What you are asked to do
In the entries below, find the line with "Rose gold Princess" and the line with "MGSV Gold Plated"; copy them and every line between them exactly, but not the pictures.

◆ ◆ ◆ ◆ ◆

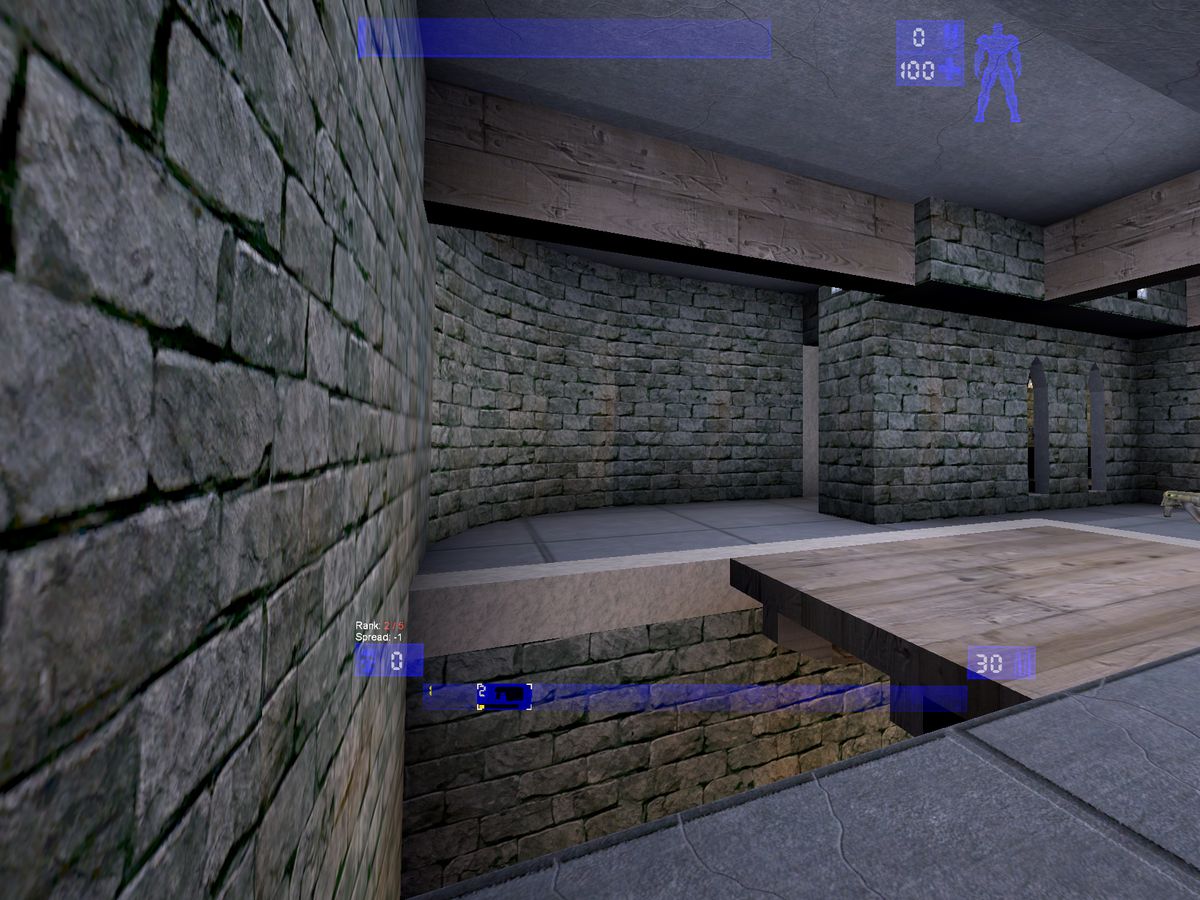 In-game view on DM-Codex with the health, armour and ammo HUD.
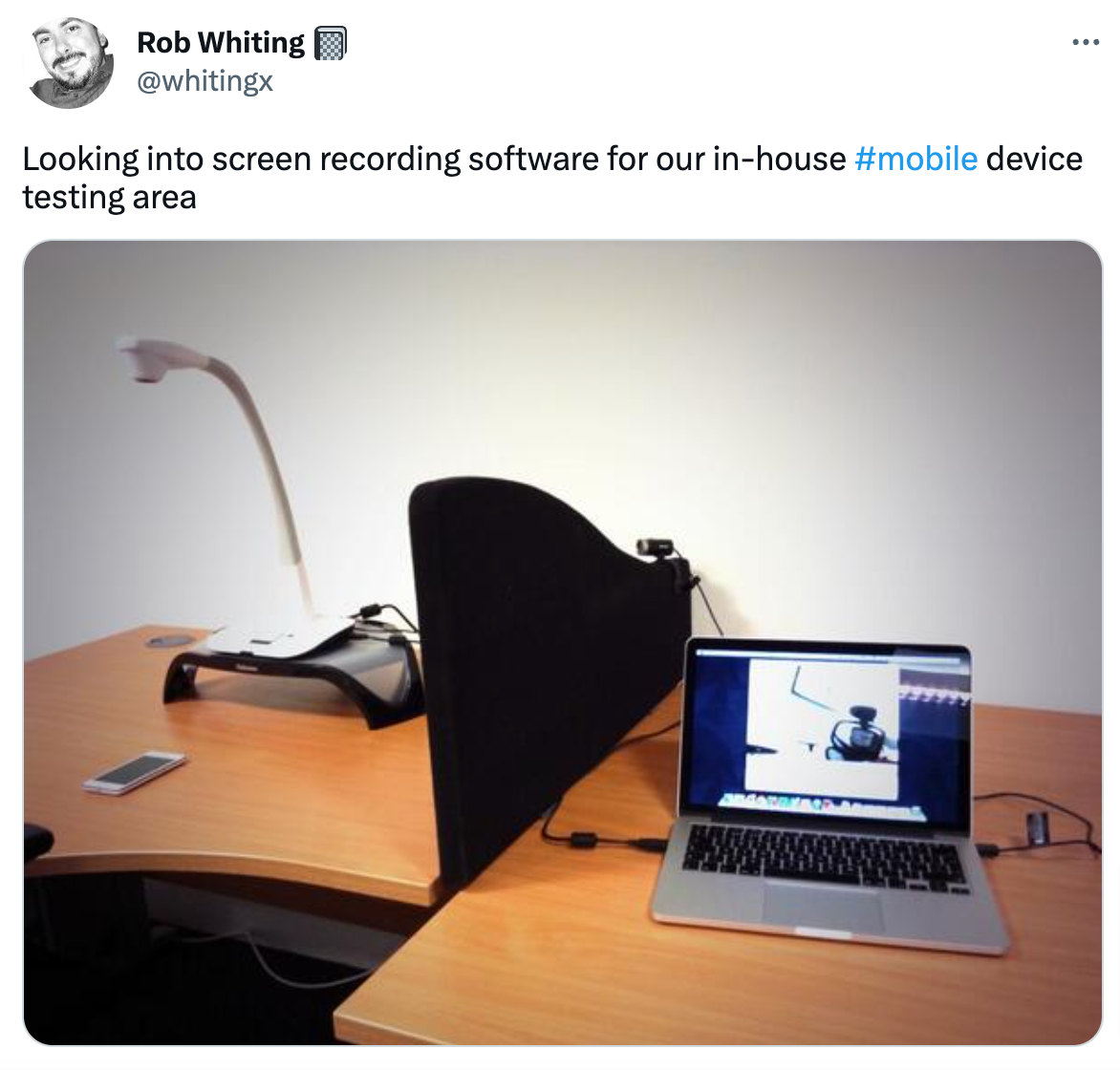 Rob-Whiting on-Twitter-Looking-into-screen-recording-software-for-our-in-house-mobile-device-testing-area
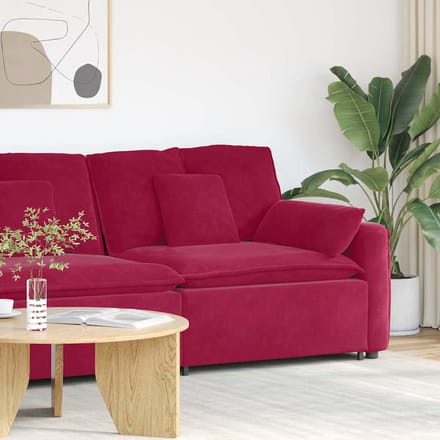 vidaXL Modulaire bank Armleuning eindmodule met kussens 100cm wijnrood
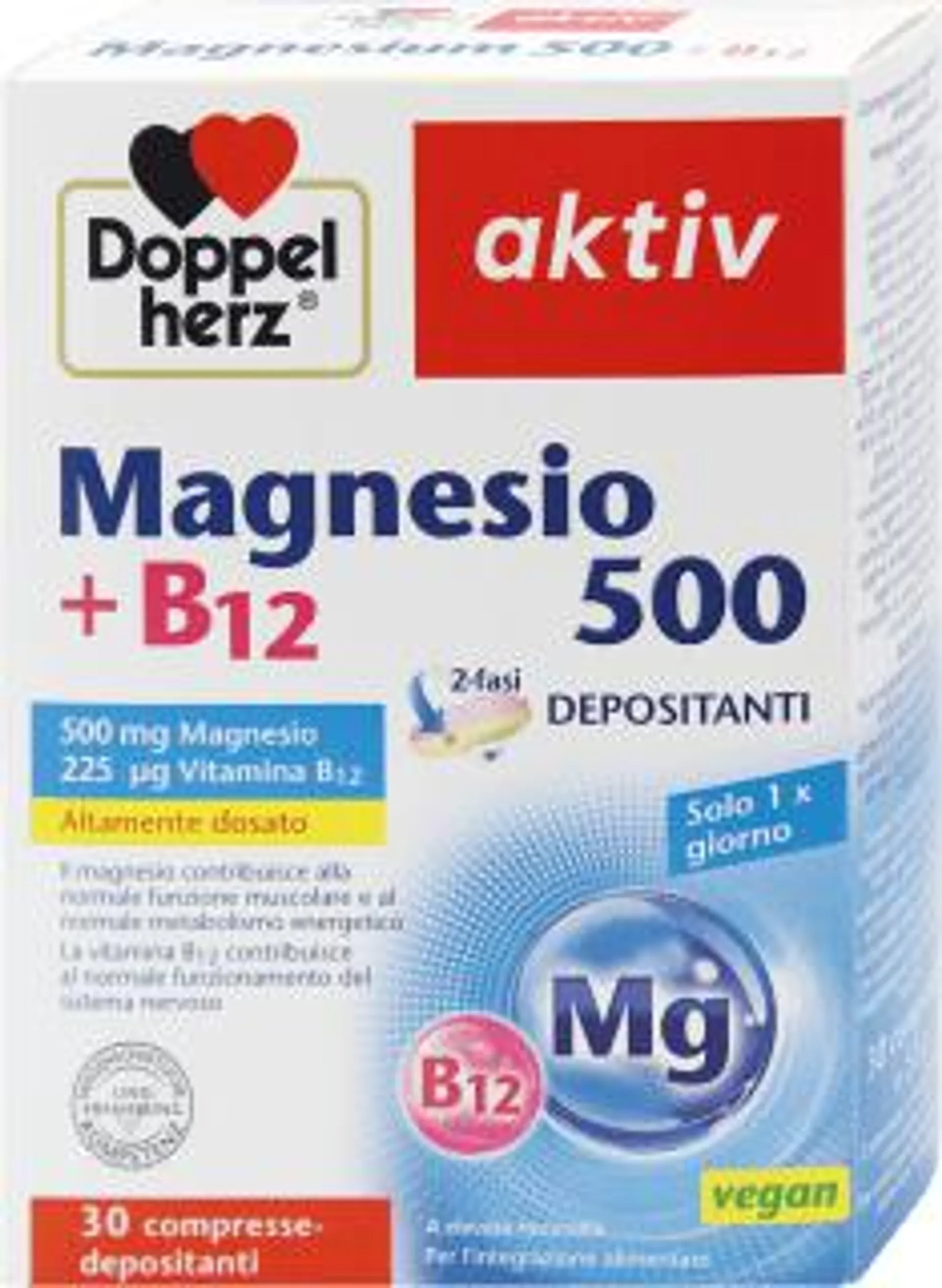 Magnesio 500 +B12, 30 pz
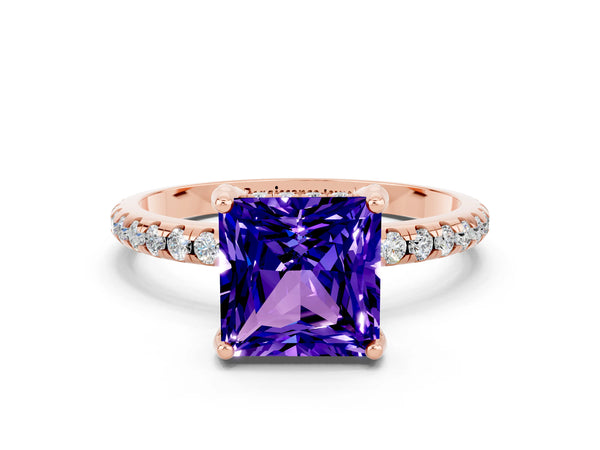 Rose gold Princess Cut Tanzanite Hidden Halo Engagement Ring with Round Pavé Band and Prong Setting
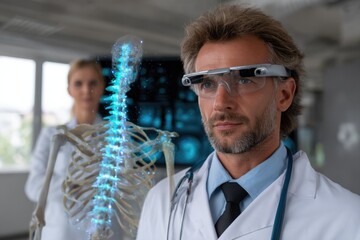 A medical professional wearing augmented reality glasses engages with a visualized human skeleton in a modern healthcare setting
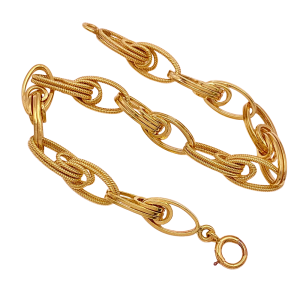 Vintage Fancy Link Bracelet 14K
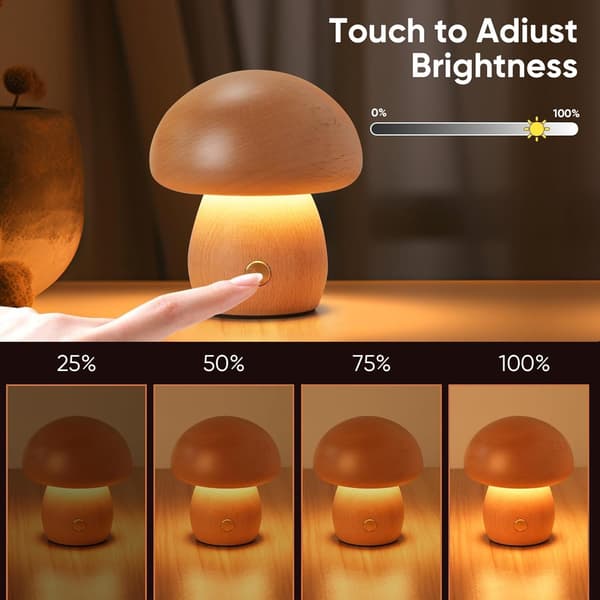 Bærbar Dæmpbar Svampeformet LED Lampe med Touch Kontrol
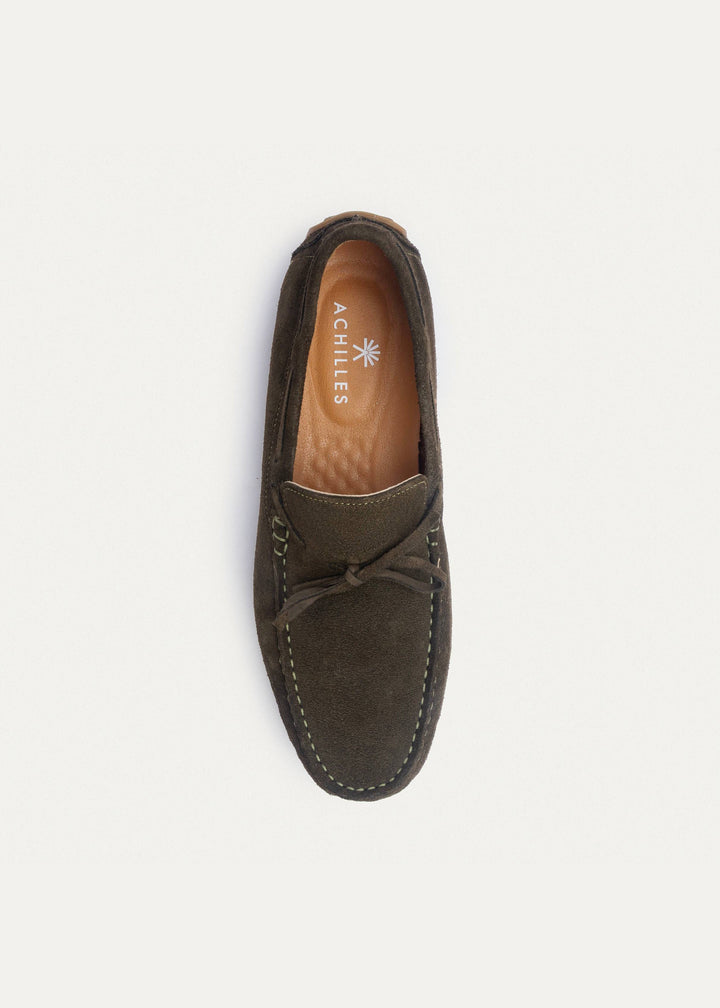Achilles | Harbor Classic Men’s Leather Boat Shoes  - Suede Olive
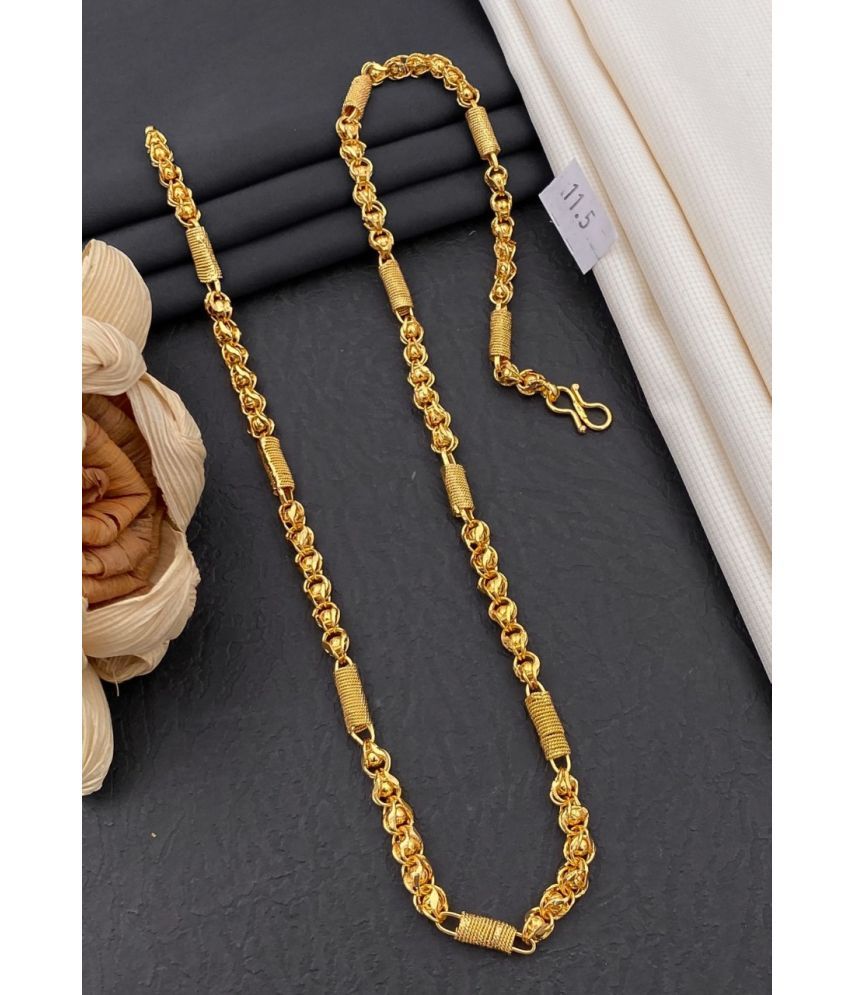     			MGSV Gold Plated Brass Chain ( Pack of 1 )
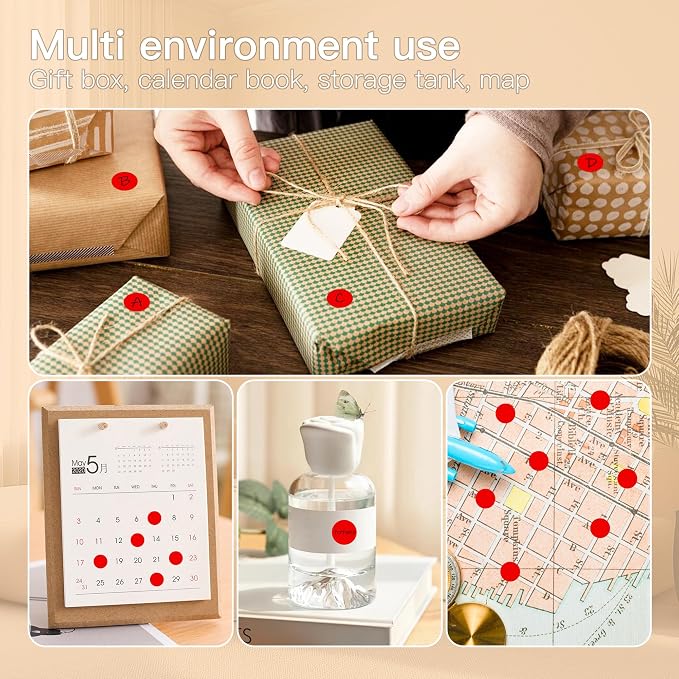 PARLAIM 1/2 Inch Circle Sticker Labels,1000 Stickers Round Color Coding Circle Dots Stickers,Roll Dot Stickers Label for Office Home Office(Red)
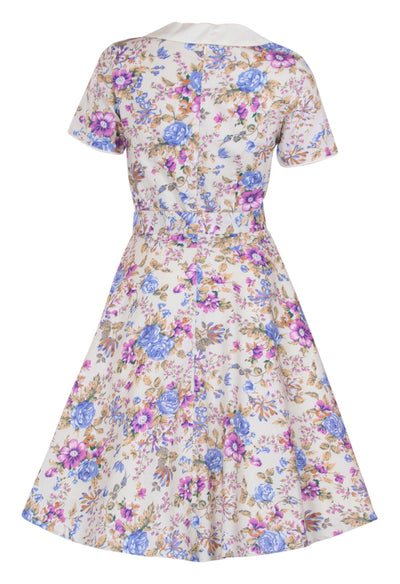 Evelyn Retro 50's Style Swing Dress in Beige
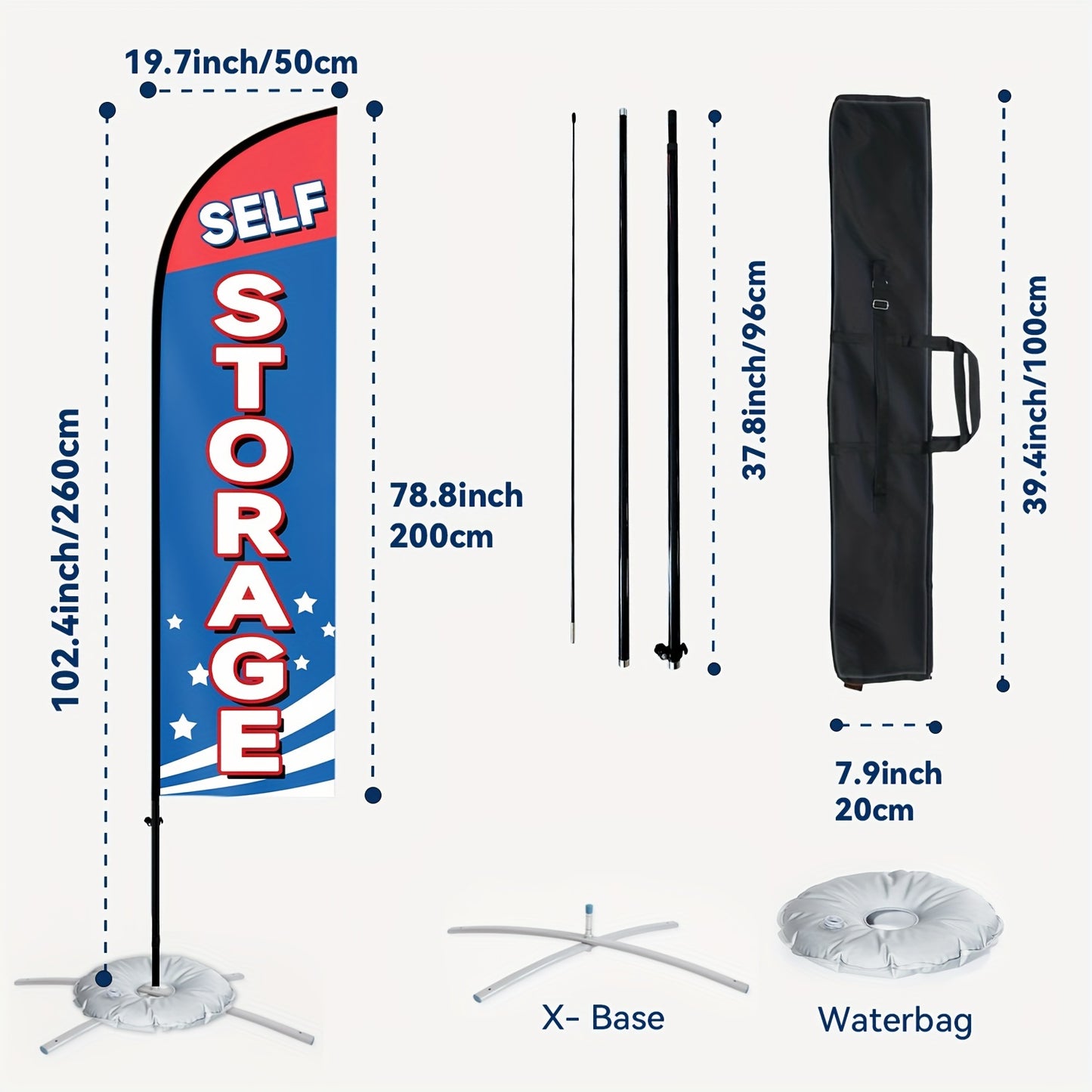 1pc Double-Sided Self Storage Feather Flag with Cross Base, High-Quality Polyester, Outdoor Advertising Store Decoration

◆ ◆ ◆ ◆ ◆

Reply
 Rose gold Princess Cut Tanzanite Hidden Halo Engagement Ring with Round Pavé Band and Prong Setting
 A medical professional wearing augmented reality glasses engages with a visualized human skeleton in a modern healthcare setting
 Vintage Fancy Link Bracelet 14K
 Bærbar Dæmpbar Svampeformet LED Lampe med Touch Kontrol
Achilles | Harbor Classic Men’s Leather Boat Shoes  - Suede Olive
     			MGSV Gold Plated Brass Chain ( Pack of 1 )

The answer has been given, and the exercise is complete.